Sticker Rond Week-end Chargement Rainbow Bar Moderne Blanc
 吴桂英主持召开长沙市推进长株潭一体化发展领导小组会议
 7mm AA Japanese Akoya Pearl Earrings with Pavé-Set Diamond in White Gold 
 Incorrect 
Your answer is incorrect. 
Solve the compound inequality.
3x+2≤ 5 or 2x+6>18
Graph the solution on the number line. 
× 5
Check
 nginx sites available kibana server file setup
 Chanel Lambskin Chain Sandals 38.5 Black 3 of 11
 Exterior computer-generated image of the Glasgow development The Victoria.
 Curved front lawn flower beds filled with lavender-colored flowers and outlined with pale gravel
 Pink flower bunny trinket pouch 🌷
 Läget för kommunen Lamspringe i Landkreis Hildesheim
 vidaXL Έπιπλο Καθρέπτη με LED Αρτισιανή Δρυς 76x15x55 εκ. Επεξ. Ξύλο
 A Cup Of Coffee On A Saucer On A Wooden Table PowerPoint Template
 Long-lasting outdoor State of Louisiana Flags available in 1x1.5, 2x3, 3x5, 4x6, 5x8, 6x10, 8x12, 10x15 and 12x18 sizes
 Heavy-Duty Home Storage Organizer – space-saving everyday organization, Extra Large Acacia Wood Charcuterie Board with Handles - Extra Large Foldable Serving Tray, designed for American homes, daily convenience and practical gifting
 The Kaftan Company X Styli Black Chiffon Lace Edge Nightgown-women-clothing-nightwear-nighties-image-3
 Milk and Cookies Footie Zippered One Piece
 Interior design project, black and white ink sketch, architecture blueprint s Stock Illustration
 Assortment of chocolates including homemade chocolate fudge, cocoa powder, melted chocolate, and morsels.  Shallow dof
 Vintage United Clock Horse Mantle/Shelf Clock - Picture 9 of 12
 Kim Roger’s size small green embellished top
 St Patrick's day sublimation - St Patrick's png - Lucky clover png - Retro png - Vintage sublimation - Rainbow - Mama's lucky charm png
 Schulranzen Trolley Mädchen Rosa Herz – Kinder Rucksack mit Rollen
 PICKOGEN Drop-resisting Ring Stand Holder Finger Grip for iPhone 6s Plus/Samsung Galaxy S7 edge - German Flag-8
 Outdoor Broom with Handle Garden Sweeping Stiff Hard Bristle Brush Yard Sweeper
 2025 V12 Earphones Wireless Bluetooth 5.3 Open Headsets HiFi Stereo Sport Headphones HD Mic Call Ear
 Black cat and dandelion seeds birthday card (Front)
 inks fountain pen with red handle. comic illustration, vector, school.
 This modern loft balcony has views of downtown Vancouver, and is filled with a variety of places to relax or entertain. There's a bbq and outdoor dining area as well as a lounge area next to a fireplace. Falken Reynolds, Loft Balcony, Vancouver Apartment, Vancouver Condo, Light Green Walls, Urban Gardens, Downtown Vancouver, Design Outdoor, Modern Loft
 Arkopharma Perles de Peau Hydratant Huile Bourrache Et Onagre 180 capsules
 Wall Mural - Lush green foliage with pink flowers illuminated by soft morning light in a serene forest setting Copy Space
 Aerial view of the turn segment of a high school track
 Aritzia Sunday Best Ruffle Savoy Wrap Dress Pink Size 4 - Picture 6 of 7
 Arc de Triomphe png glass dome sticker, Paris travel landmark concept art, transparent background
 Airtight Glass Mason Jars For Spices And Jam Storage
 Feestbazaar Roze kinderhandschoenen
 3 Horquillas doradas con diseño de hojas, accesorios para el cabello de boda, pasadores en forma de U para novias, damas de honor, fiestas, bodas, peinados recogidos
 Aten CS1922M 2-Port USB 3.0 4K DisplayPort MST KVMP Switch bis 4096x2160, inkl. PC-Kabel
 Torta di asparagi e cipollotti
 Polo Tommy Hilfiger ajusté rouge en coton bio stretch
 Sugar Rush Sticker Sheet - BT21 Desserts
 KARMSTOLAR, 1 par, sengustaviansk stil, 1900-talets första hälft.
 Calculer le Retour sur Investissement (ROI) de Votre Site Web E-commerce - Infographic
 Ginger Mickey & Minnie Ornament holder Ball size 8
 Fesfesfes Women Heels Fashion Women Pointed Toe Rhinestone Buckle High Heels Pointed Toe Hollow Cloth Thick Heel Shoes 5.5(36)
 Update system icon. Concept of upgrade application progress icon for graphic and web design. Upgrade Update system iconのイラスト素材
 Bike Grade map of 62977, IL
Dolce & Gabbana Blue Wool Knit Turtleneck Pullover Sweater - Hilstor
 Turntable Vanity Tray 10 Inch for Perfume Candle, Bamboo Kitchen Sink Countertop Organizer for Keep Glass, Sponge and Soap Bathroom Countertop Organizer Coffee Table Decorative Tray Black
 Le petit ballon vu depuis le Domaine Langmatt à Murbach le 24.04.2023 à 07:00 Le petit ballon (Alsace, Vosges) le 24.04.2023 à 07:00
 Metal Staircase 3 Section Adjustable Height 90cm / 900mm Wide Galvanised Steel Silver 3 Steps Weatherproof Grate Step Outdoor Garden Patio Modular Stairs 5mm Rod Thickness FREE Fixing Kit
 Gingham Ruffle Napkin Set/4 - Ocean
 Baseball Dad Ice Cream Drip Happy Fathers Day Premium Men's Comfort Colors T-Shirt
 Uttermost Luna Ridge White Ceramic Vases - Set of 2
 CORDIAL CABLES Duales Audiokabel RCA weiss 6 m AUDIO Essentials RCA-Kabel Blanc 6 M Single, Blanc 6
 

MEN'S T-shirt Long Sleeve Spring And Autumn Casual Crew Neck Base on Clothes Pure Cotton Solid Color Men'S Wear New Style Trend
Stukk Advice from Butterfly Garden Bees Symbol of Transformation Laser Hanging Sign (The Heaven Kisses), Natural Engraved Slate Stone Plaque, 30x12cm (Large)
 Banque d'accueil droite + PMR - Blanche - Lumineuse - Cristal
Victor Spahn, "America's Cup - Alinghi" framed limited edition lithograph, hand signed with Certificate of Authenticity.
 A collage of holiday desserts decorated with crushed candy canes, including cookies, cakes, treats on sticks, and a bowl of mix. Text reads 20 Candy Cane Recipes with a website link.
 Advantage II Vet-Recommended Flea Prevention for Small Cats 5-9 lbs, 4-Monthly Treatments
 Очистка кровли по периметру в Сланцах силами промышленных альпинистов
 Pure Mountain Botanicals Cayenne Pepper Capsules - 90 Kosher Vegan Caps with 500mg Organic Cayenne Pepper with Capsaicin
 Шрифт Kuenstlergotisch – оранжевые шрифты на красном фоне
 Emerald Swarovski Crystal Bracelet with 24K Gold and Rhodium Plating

Work instructions
Produce a word-for-word copy of everything above from the line holding "St Patrick's day" down to the line holding "Wall Mural - Lush", with both of those lines kept.

Response
 St Patrick's day sublimation - St Patrick's png - Lucky clover png - Retro png - Vintage sublimation - Rainbow - Mama's lucky charm png
 Schulranzen Trolley Mädchen Rosa Herz – Kinder Rucksack mit Rollen
 PICKOGEN Drop-resisting Ring Stand Holder Finger Grip for iPhone 6s Plus/Samsung Galaxy S7 edge - German Flag-8
 Outdoor Broom with Handle Garden Sweeping Stiff Hard Bristle Brush Yard Sweeper
 2025 V12 Earphones Wireless Bluetooth 5.3 Open Headsets HiFi Stereo Sport Headphones HD Mic Call Ear
 Black cat and dandelion seeds birthday card (Front)
 inks fountain pen with red handle. comic illustration, vector, school.
 This modern loft balcony has views of downtown Vancouver, and is filled with a variety of places to relax or entertain. There's a bbq and outdoor dining area as well as a lounge area next to a fireplace. Falken Reynolds, Loft Balcony, Vancouver Apartment, Vancouver Condo, Light Green Walls, Urban Gardens, Downtown Vancouver, Design Outdoor, Modern Loft
 Arkopharma Perles de Peau Hydratant Huile Bourrache Et Onagre 180 capsules
 Wall Mural - Lush green foliage with pink flowers illuminated by soft morning light in a serene forest setting Copy Space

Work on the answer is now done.